- Conference: Southeastern Conference
- Eastern Division
- Record: 1–10 (0–8 SEC)
- Head coach: Brad Scott (5th season);
- Offensive coordinator: Chuck Reedy (1st season)
- Offensive scheme: Pro set
- Defensive coordinator: Wally Burnham (5th season)
- Base defense: 4–3
- Home stadium: Williams–Brice Stadium

= 1998 South Carolina Gamecocks football team =

American college football season

The 1998 South Carolina Gamecocks football team represented the University of South Carolina as a member of the Eastern Division of the Southeastern Conference (SEC) during the 1998 NCAA Division I-A football season.

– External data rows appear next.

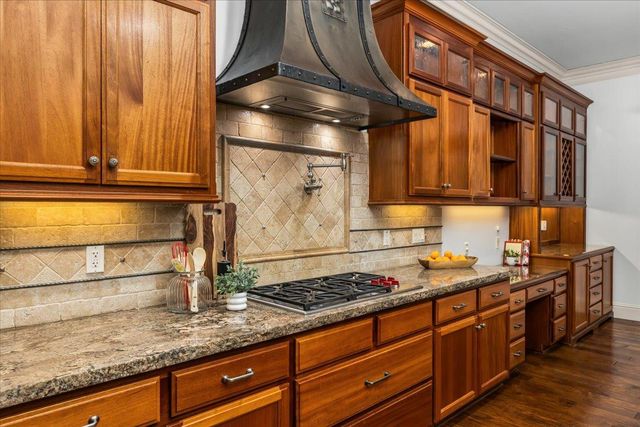 2620 Vineyard Dr, Auburn, CA 95603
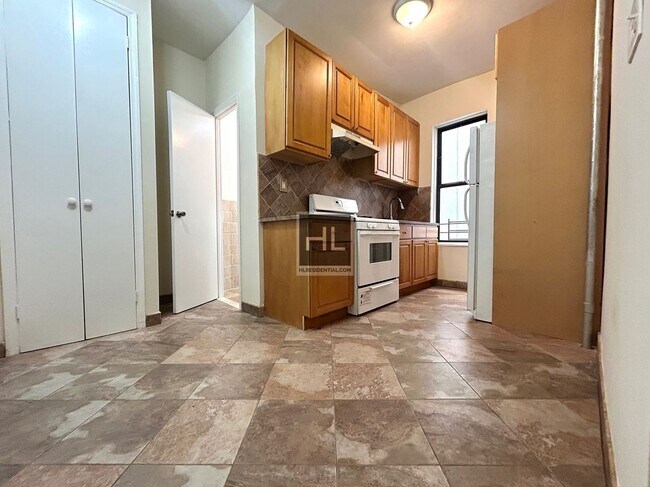 Photo - 16 STREET Unidad 8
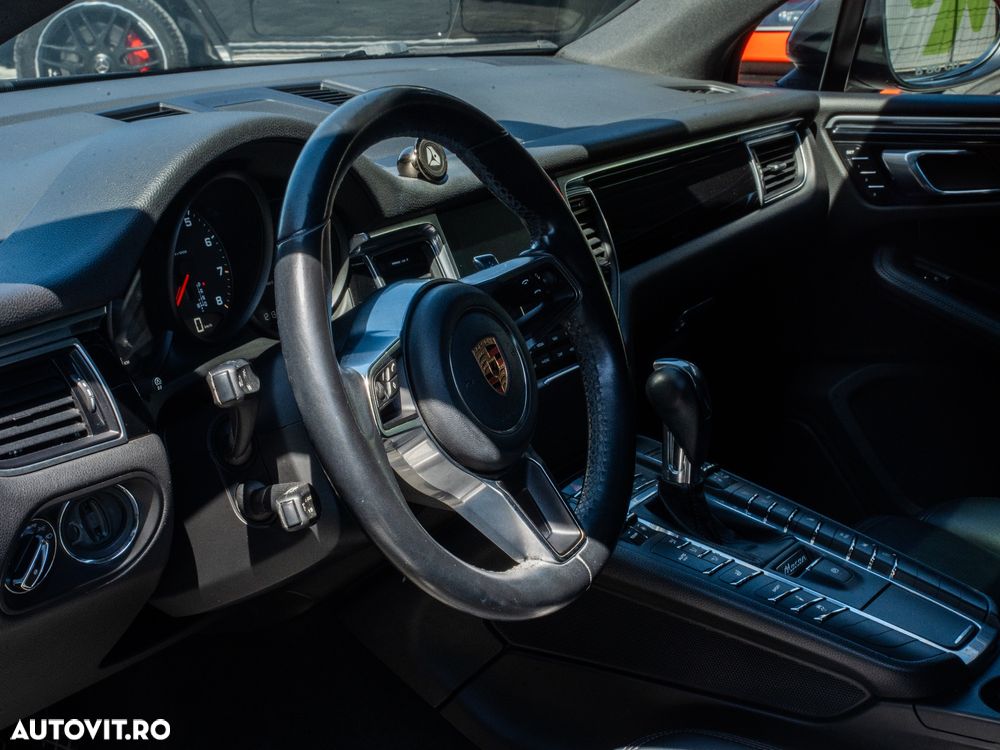 Porsche Macan - 26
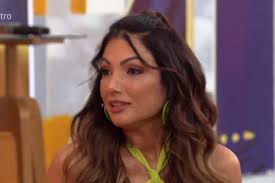 Patricia Poeta é criticada após assumir o “Mais Você”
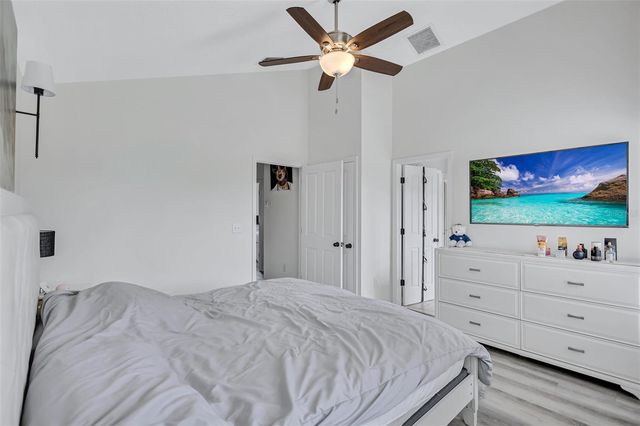 10039 BRADWELL PLACE, Tampa, FL 33626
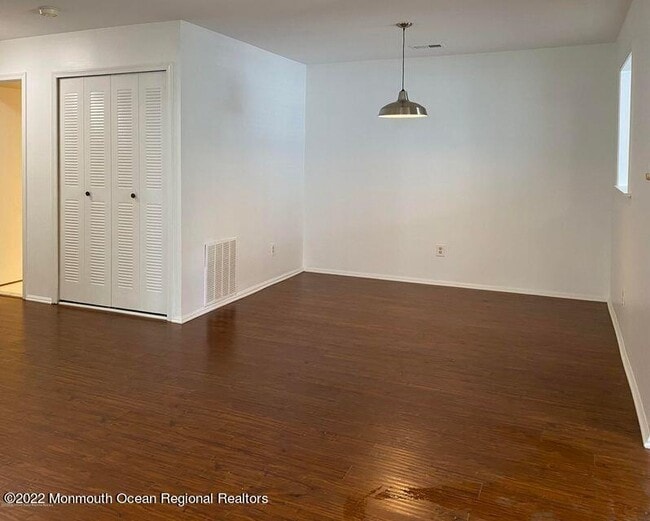 Building Photo - 407 Hampton Ct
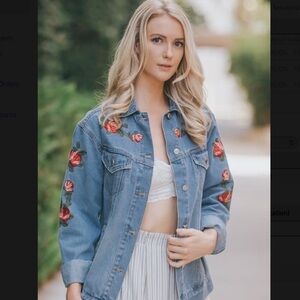 Embroidered Floral Denim Jacket Lt. Wash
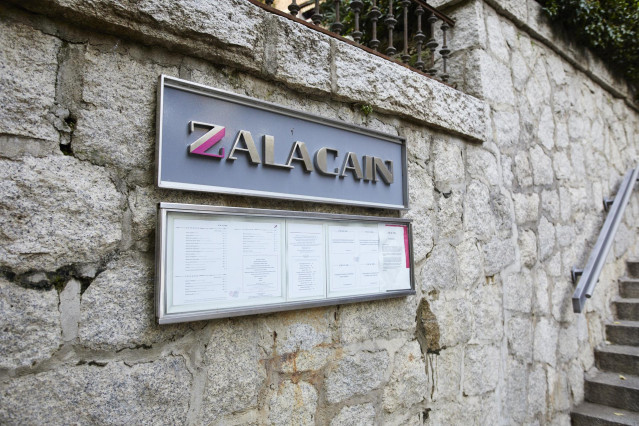 Logo del restaurante Zalacaín días después de su cierre definitivo, en Madrid (España)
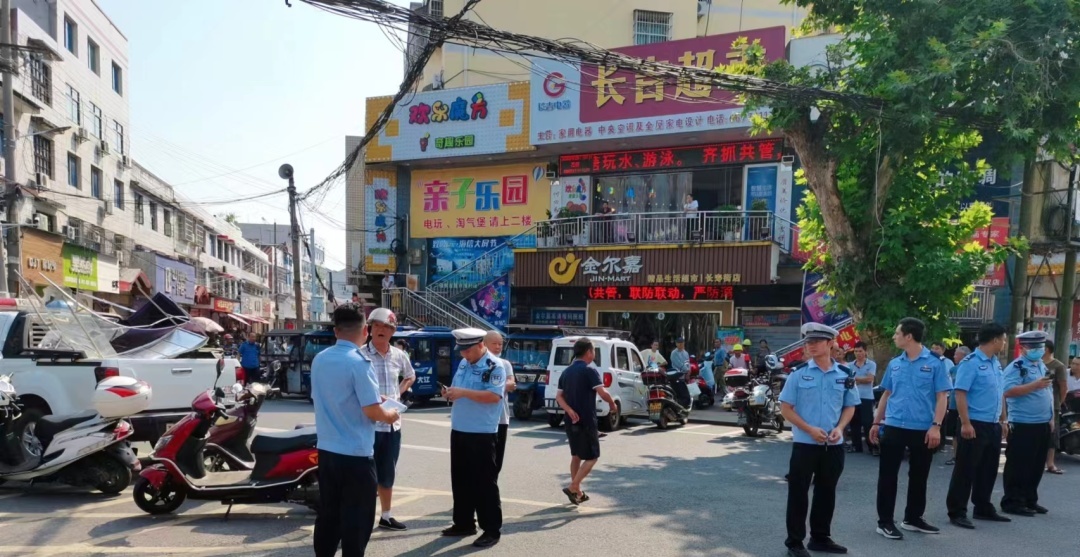 剜除交通顽痼疾 合力守护“古江洲” ——长寿镇开展交通安全“百日攻坚”行动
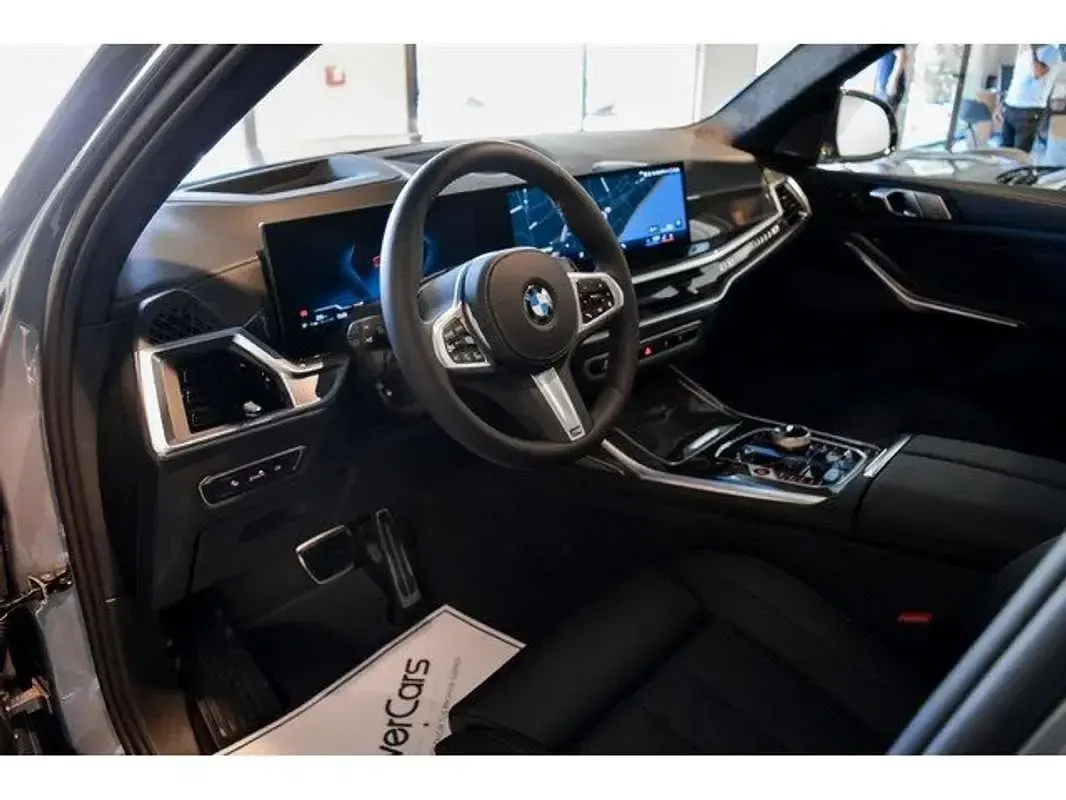 Usado BMW X7 Comfort Edition 352 CV (258 kW) 2026 Gris SUV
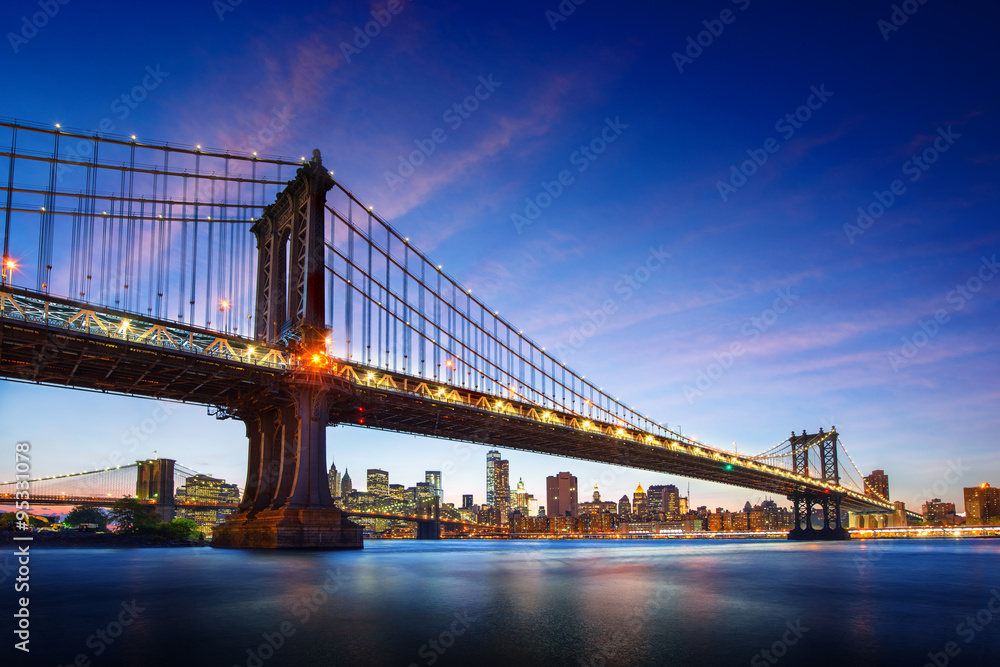 Wall mural Amazing view to new york city bridge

Led by Brad Scott in his final season as head coach, the Gamecocks compiled an overall record of 1–10 with a mark of 0–8 in conference play, placing last out of six teams in the SEC's Eastern Division. The team played home games at Williams–Brice Stadium in Columbia, South Carolina.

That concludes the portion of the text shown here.